Pese a ello, uno no lo puede negar absolutamente todo de la comida tradicional inglesa y menos de su posterior renacimiento a través de briosos cocineros como Gordon Ramsay o Heston Blumenthal, que sigue ocupando el podio de los grandes chefs, incluso después de haber intoxicado a decenas de comensales, o el mediático Jaimie Oliver. En Inglaterra, o de lo que queda de ella, hay una interesante materia prima. Para empezar unos quesos notables: su majestad el Stilton, el Cheddar, el Lancashire, el Caerphilly, el Cheshire, el Double Gloucester o el Harbourne Blue jamás me dejarían mentir. Además de las carnes de bovino, sobre todo de la raza escocesa Aberdeen-Angus, y del carnero, la caza produce ciertas singularidades como la foja, de los cenagales de Yorkshire, una de las aves más apreciadas en los fogones británicos, que se alimenta de hierbas silvestres aromáticas, lo que hace que su carne, además de una ternura envidiable, adquiera un perfume especial. Ha sido y es tradición comerla el doce de agosto. Los salmones y las truchas de Lancashire y Devon son también bocados dignos de tener en cuenta en Gran Bretaña. Por último, están los inevitables puddings, cocidos en el horno al baño maría, que se distinguen de los pies (pasteles), porque para hacerlos se utiliza una mezcla de harina que incluye levadura en polvo y, en vez de manteca, sebo de vaca. Ejemplos son el famosísimo pudding de Yorkshire, que acompaña habitualmente al roastbeef, y el steak and kidney pudding, relleno de filete troceado de ternera en dados y de riñones. La mezcla lleva chalotas, vino de Oporto y salsa Worcestershire. Estas, y algunas otras, son las que han mantenido la legión de elegidos de Camba, los que no se dedican a los juegos de prestidigitación con el tenedor y el cuchillo, o se atiborran de fish and chips y, lo que es peor, de cantidades insanas de fast food.
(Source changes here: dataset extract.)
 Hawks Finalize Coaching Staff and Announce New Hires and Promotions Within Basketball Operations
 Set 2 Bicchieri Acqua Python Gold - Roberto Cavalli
César González-Ruano, tan distinto del autor de Aventuras de una peseta, mantuvo con Julio Camba una postrera relación de respeto, precisamente cuando al periodista gallego sólo le preocupaba que o bien le invitasen a comer o que le dejasen en paz. Ruano tenía una mística literaria, como él mismo solía escribir. A Camba, sin embargo, escribir le llegó a importar, en la última etapa de su vida, un pepino. Incluso bastante más que un pepino. «Prefiero morir de hambre», llegó a decir una vez. Otras, habiendo dado tantas páginas admirables, repetía: «Odio al que inventó la imprenta». Cuando en un periódico publicaban algo referente a él pasaba la página con hastío y desdén. Según cuentan quienes lo trataron, la suya no era una postura esnob, ni de vanidad, simplemente era el hombre cansado del hombre. Desdeñoso de todo y de todos, empezando por él mismo, se escondía del mundo en aquella esquina solitaria del Palace con su pose de gato de tejado y cualquier cosa, salvo los placeres de la comida, le traía sin cuidado.

-Pero a usted ¿hay algo que le importe además sentarse a una mesa? -le preguntaba Ruano.

Y Camba hurgaba sin éxito en los desvanes de su memoria tratando de encontrar una respuesta. No se movía de su butaca al lado de la calefacción. No era fácil llevarlo por ahí a dar una vuelta. Su indiferencia llegó ser una obra de arte, como él mismo lo era. Lo primero que preguntaba cuando alguien le proponía ir a algún sitio era: «¿Se come bien?». Lo segundo, más que una pregunta, se resumía en una condición. «Bueno, pero a mí hay que traerme luego al hotel». O, también, surgía una tercera inquietud. «Y ¿quién más viene?». Don Julio no se iba con cualquiera y mucho menos a compartir mesa y mantel. «A la hora de comer hay que saber tanto lo que se come como con quién se come, y cuando nuestros anfitriones se nieguen a decírnoslo será cosa de llamar, según los casos, a la Dirección General de Seguridad o al Laboratorio Municipal», escribió.

El propio César González-Ruano, en la necrológica del gran maestro del periodismo, contó que la muerte le había invitado a cenar y que como prometió traerle de vuelta al hotel Camba había aceptado la invitación sin pararse a pensar que no lo haría. «Y eso no se hace», apostilló Ruano en aquel gran obituario.